Date sent:      	Sun, 23 Jul 2000 02:34:16 +0100
Send reply to:  	ukcrypto@maillist.ox.ac.uk

http://www.sunday-times.co.uk/news/pages/sti/2000/07/23/stidordor02004
.html Fixing the bugs in our democracy

There are moments when it's not easy being British in the US of A. My
American hosts have been watching Mel Gibson fight King George's
tyrannous redcoats in The Patriot, which I gather has just opened in
Britain, and they hold me personally responsible. My only defence has
been to sneak off to the search engines and try to dig up a few
counterbarbs. My favourite is from our great man of letters Samuel
Johnson, who thought it very odd at the time that the greatest "yelps
for liberty" came from American slave drivers.
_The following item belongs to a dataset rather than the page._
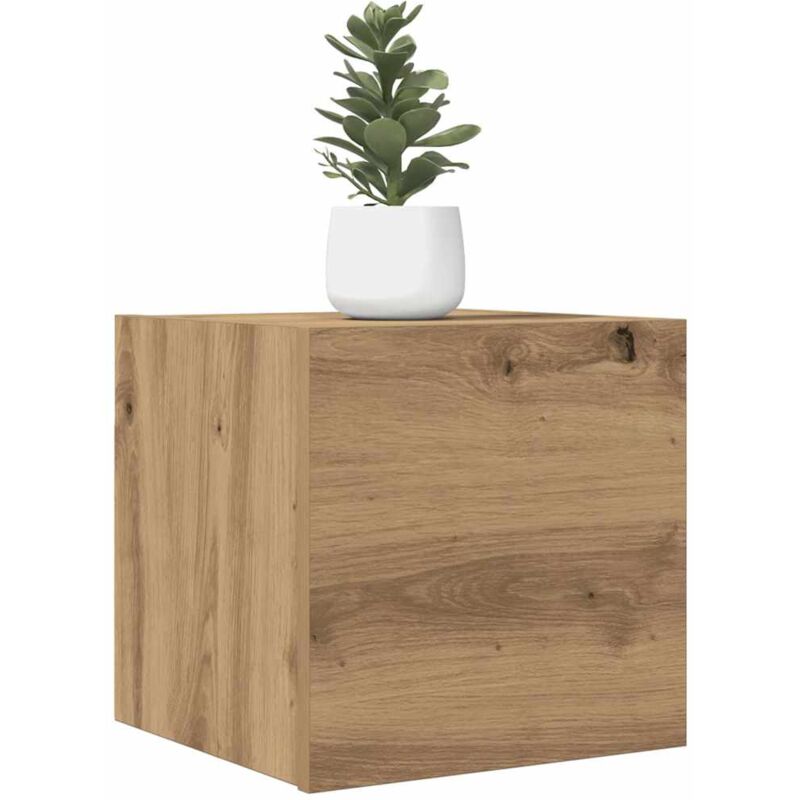 foto del prodotto vidaxl armadietti tv montati a parete 2pz artigianale 30,5x30x30 cm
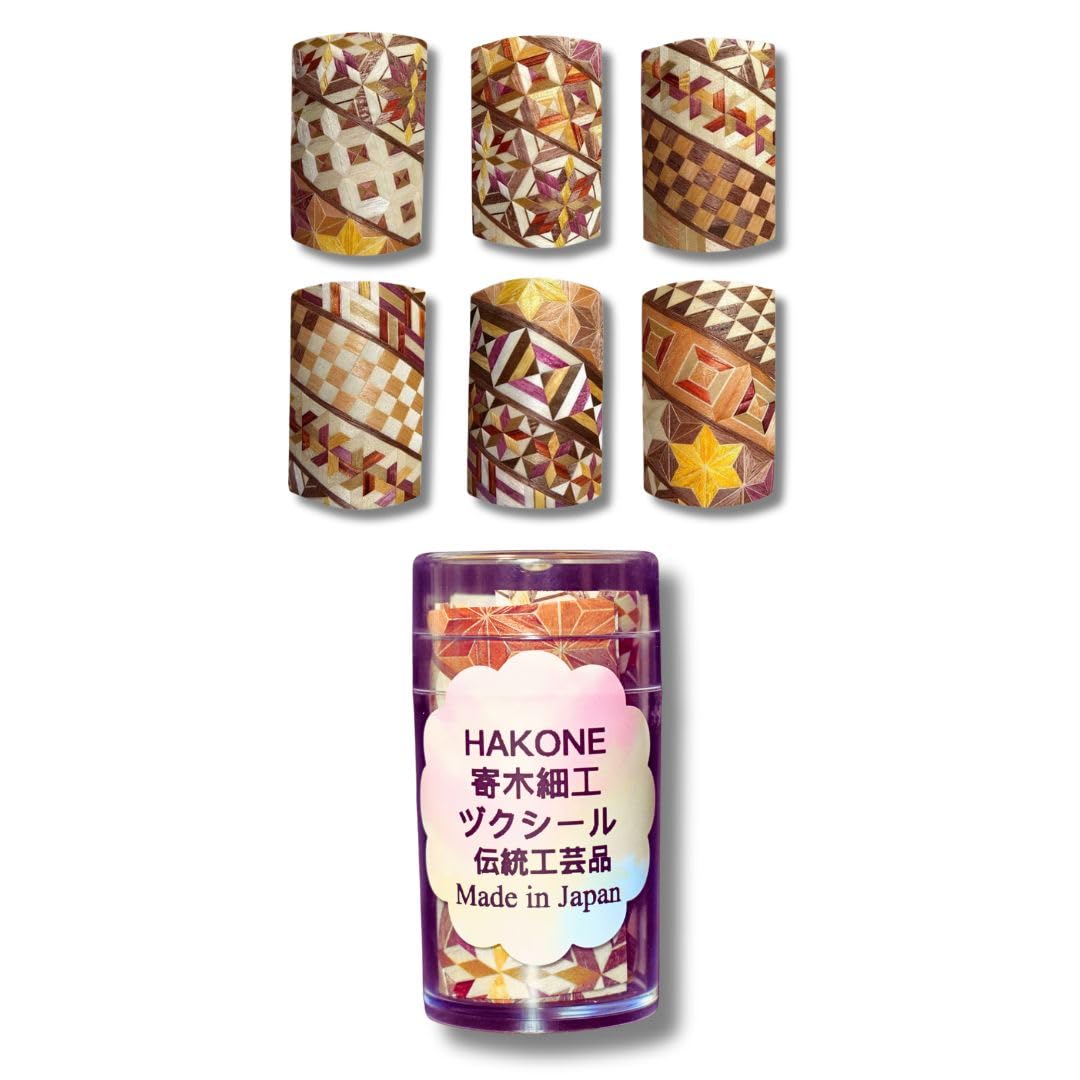 Hakone Stickers Traditional Craft Experience DIY Furniture Mini Small Made with Natural Made in Japan Yosegi-zaiku (marquetry) - Kit, Kit, Decoration,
Be that as it may, one has to accord a grudging respect to the
founding fathers: in many ways, they represent the finest tradition of
the British gentleman amateur. The Declaration of Independence was
written in an evening by a young man, Thomas Jefferson, in a small
parlour rented from a bricklayer. The constitution was largely the
work of Ben Franklin, a printer by trade - not at all the right sort
to start hacking representative democracy into a parliament composed
of nobility and gentry. One can only imagine what the experts at
Westminster thought of this unprofessional refactoring of their grand
traditions.


 
Cope of Berkeley: led the protest against the RIP bill
Photograph: UPP

I got some idea, though, watching the reactions of their descendants,
when the hackers of the internet set about the Blair government's
Regulation of Investigatory Powers Bill. Plenty has now been written
about this horrendous bill; enough, one would think, to give pause to
even the self-referential juggernaut of Labour. But no: despite the
loud protests of practically anyone who uses the net, they assumed
that, once the government declared its intent, its vast bureaucracy
would steamroller over the squeaking objections of a bunch of nerds.
Of course, the net users didn't know that. With no parliamentary
experience to speak of, computer scientists are peculiarly
unthreatened by our labyrinthine legislative process. After all,
they're used to ploughing through pages of obscure computer code, and
what else is a bill but a program for citizens to follow? Within a
couple of days of the bill being published, Charles Lindsey, a retired
computer scientist, had digested its gist and, as programmers do to
help simplify the obscure, constructed a graphic flow chart
illustrating the procedure that the police would follow in order to
demand the private communications of a British citizen.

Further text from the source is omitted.